_TO DO_:
Your answer must hold only the lines below from the line containing "For Samsung Galaxy" through the line containing "Fire HD 8 Case", each reproduced exactly.

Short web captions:
————————
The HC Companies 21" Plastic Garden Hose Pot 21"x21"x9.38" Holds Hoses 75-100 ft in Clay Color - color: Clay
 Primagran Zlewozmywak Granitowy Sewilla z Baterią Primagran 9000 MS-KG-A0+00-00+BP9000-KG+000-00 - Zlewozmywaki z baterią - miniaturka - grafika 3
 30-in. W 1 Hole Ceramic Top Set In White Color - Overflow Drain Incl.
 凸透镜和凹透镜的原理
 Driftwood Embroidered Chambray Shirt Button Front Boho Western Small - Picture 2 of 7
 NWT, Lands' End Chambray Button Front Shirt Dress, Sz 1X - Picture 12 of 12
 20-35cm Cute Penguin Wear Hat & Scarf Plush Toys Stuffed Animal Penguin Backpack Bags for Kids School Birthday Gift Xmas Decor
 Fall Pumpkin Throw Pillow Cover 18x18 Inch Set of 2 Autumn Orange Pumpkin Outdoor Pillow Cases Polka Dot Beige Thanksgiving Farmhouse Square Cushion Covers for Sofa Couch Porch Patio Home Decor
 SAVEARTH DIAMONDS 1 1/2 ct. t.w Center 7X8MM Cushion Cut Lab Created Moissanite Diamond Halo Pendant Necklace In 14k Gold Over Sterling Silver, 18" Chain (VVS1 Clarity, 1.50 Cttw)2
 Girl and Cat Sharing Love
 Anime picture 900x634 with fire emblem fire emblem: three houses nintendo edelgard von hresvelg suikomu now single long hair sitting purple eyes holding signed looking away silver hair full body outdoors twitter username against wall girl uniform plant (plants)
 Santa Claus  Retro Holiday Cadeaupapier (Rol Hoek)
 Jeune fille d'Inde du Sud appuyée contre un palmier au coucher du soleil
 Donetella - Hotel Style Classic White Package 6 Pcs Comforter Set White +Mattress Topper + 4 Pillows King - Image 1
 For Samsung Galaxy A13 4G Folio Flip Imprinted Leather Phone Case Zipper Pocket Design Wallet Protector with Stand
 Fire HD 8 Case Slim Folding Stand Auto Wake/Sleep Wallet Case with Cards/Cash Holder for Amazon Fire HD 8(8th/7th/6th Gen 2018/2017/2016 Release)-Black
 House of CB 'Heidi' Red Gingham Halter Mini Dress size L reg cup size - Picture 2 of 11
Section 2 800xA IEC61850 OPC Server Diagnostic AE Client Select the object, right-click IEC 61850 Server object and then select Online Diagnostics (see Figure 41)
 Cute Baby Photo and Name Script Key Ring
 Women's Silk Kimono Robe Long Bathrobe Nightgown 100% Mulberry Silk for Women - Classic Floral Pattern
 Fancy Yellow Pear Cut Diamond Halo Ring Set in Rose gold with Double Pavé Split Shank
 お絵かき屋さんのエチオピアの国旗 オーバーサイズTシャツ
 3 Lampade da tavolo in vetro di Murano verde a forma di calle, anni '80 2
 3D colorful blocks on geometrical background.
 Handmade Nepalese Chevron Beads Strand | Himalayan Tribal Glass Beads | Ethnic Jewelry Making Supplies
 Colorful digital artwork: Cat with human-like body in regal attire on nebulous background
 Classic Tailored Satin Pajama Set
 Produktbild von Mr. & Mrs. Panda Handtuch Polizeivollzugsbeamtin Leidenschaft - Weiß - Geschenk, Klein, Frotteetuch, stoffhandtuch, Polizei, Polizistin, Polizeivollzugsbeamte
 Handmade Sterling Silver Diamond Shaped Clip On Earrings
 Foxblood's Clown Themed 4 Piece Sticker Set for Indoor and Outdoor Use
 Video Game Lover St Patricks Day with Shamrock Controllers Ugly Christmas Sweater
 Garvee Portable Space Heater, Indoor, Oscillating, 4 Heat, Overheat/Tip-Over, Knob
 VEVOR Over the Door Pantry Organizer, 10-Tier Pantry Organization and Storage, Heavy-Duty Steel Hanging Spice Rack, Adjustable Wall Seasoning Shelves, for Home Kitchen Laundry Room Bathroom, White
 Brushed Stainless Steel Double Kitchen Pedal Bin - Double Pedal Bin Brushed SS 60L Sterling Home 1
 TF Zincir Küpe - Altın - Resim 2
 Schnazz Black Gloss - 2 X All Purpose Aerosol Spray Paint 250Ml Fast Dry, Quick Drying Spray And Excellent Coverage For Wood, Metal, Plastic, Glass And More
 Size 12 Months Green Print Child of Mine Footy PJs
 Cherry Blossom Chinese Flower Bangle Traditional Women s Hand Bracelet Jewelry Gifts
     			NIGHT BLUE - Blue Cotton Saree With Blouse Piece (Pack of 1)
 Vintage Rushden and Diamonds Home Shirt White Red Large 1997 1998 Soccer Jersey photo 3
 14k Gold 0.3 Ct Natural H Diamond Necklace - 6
————————
_TASK RESPONSE_:
 For Samsung Galaxy A13 4G Folio Flip Imprinted Leather Phone Case Zipper Pocket Design Wallet Protector with Stand
 Fire HD 8 Case Slim Folding Stand Auto Wake/Sleep Wallet Case with Cards/Cash Holder for Amazon Fire HD 8(8th/7th/6th Gen 2018/2017/2016 Release)-Black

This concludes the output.